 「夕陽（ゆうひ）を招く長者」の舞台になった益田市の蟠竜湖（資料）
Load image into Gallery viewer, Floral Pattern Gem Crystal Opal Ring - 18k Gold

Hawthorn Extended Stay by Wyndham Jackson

---

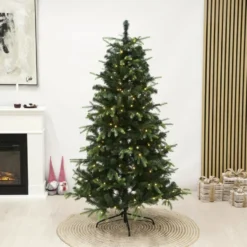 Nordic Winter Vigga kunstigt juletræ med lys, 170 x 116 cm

## Task to carry out
Go to the line in the material above that contains "Load image into" and copy exactly from there through the line that contains "Hawthorn Extended Stay by Wyndham Jackson", stopping after it.

## Finished exercise
Load image into Gallery viewer, Floral Pattern Gem Crystal Opal Ring - 18k Gold

Hawthorn Extended Stay by Wyndham Jackson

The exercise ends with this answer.